-------- Data section --------
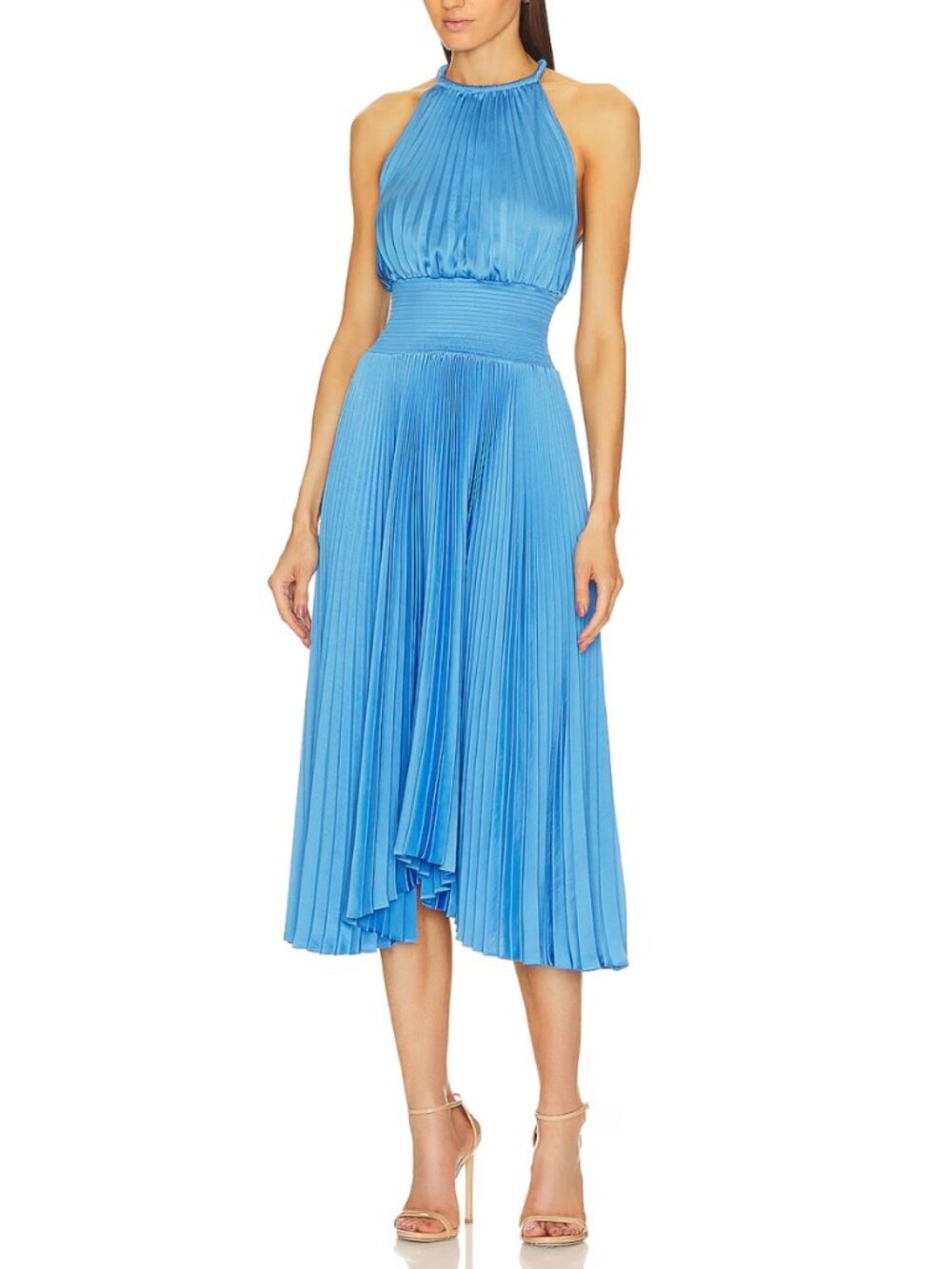 A.L.C. Renzo II Satin Pleated Midi Dress Riviera Blue Size 6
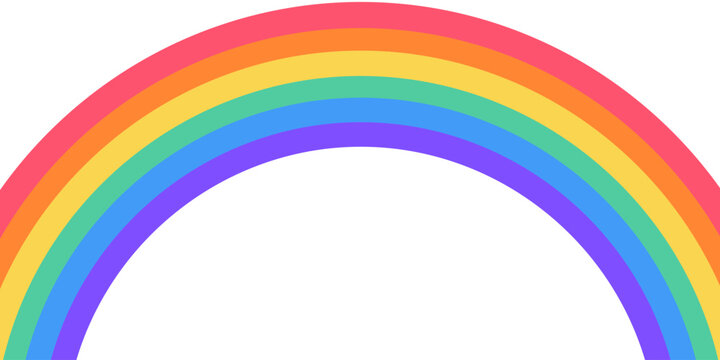 Flat wide rainbow arc shape. Half circle, bright spectrum colors. Colorful striped pattern
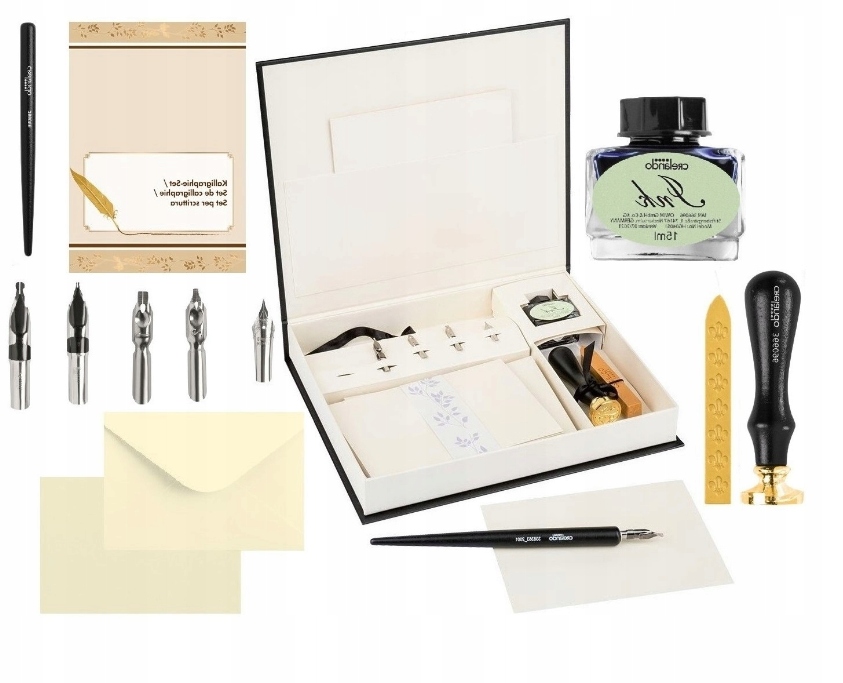 ZESTAW DO KALIGRAFII PROFESJONALNY 30 ELEMENTÓW TUSZ WOSK PIECZĘĆ PREZENT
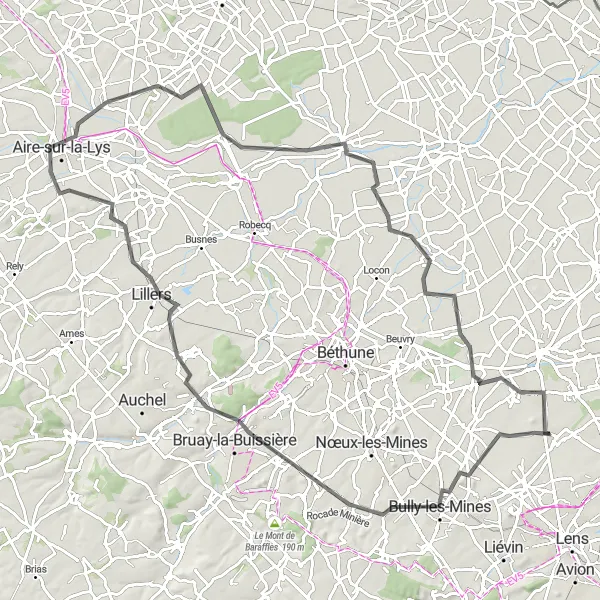 Miniature de la carte de l'inspiration cycliste "Boucle de Hulluch à Aire-sur-la-Lys" dans la Nord-Pas de Calais, France. Générée par le planificateur d'itinéraire cycliste Tarmacs.app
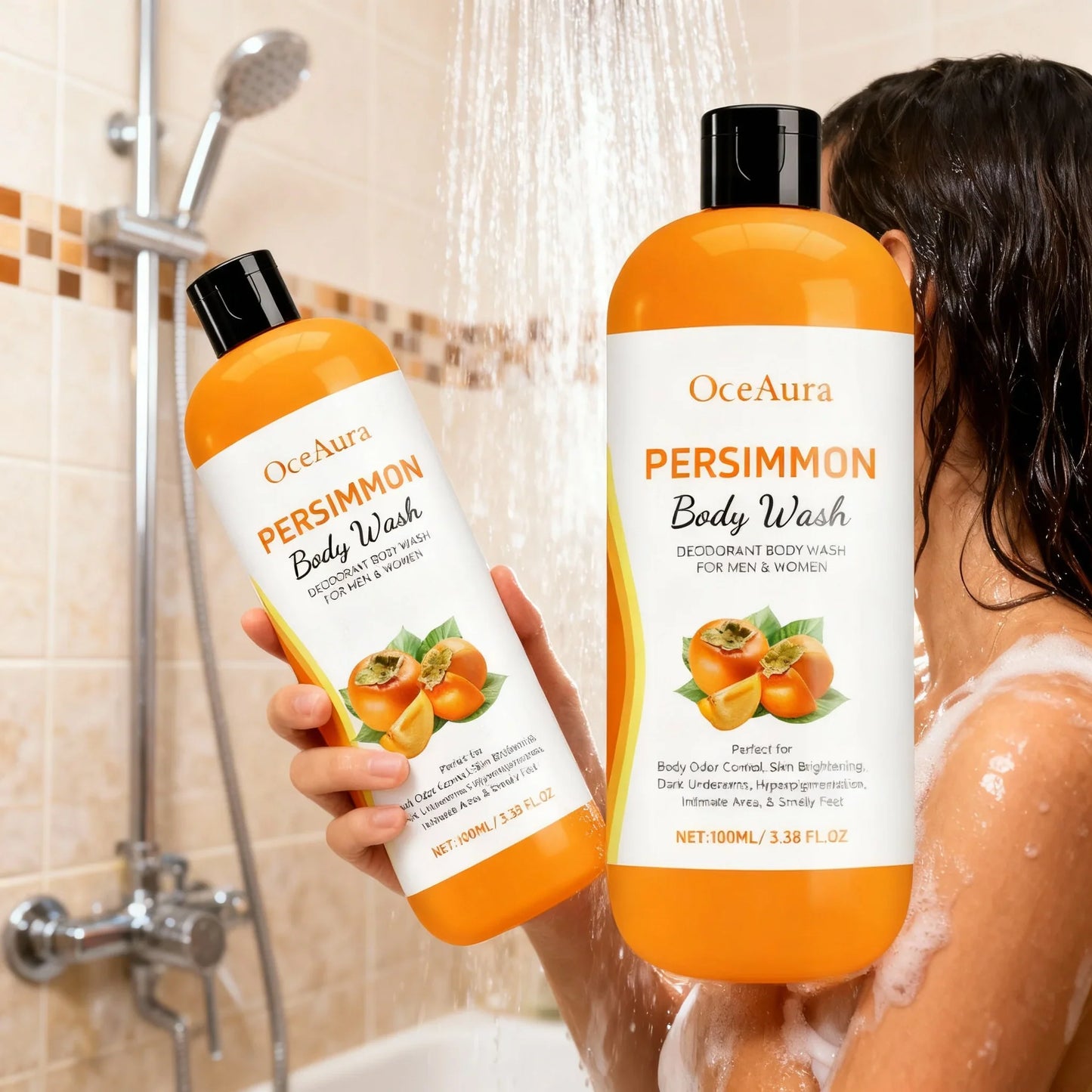 Persimmon Fresh Shower Gel Plant Extract Gentle Cleansing Moisturizing Hydrating Smooth Delicate Skin Daily Body Care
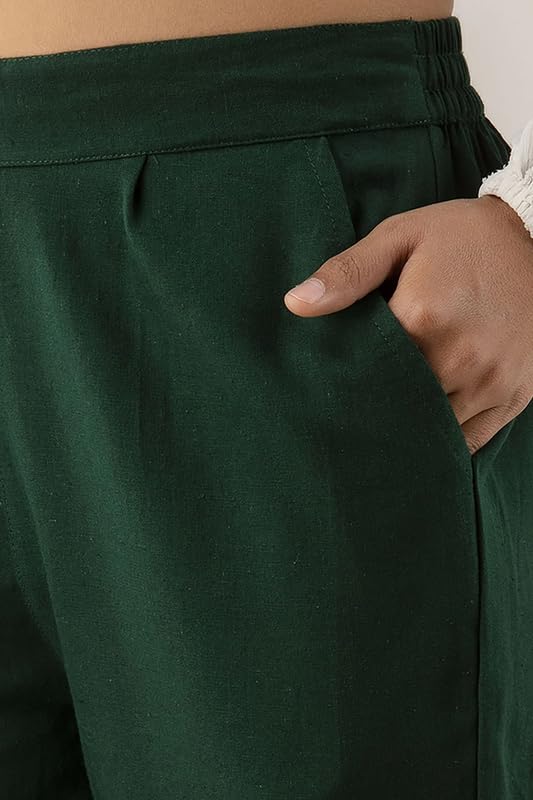 Image of Regular Fit Cotton Woman Trousers Pants Kurti Pant Casual Daily Formal Office Use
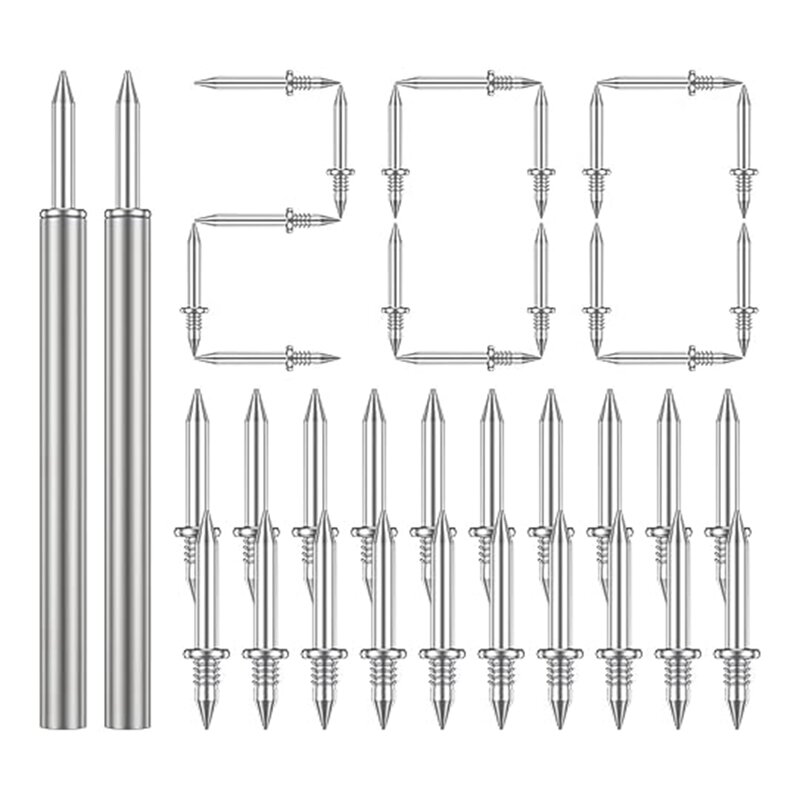 200 Pcs Double-Head Skirting Thread Seamless Nail, Rust-Proof Hardware Nails Skirting Thread Screws Set With 2 Rods, With Nail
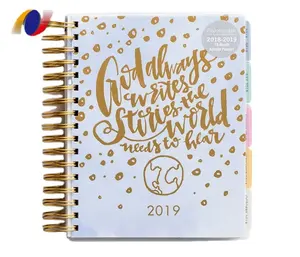 Free Sample Custom 2022 Hardcover Spiral Journals Planner Diary Notebook Agenda with Dividers Pocket Printing Jiayuan 19214-1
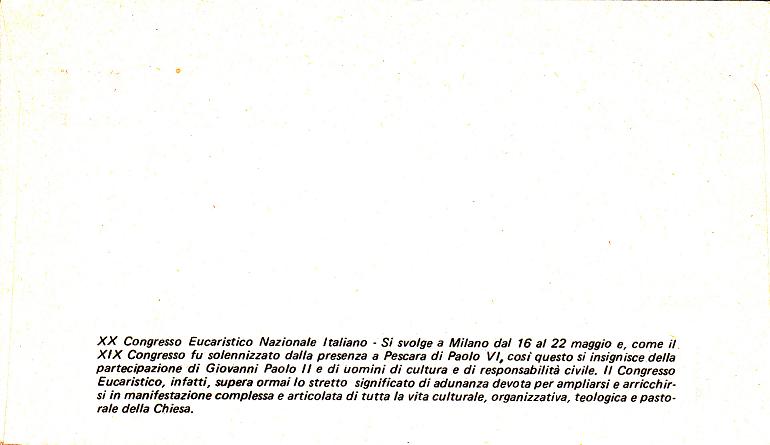 IT1650 - 14/05/1983 - 1v - 20 Congresso Eucaristico nazionale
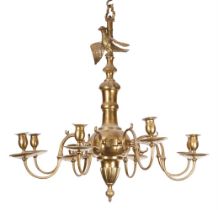 A BRASS EIGHT BRANCH CHANDELIER IN THE 17TH CENTURY STYLE, POSSIBLY IRISH, 19TH CENTURY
--------
● Task instructions
Restate exactly, please, only the lines between the start of the data and the line containing "Miniature de la", both ends included, skipping the pictures.

● Exercise solution
 A.L.C. Renzo II Satin Pleated Midi Dress Riviera Blue Size 6
 Flat wide rainbow arc shape. Half circle, bright spectrum colors. Colorful striped pattern
 ZESTAW DO KALIGRAFII PROFESJONALNY 30 ELEMENTÓW TUSZ WOSK PIECZĘĆ PREZENT
 Miniature de la carte de l'inspiration cycliste "Boucle de Hulluch à Aire-sur-la-Lys" dans la Nord-Pas de Calais, France. Générée par le planificateur d'itinéraire cycliste Tarmacs.app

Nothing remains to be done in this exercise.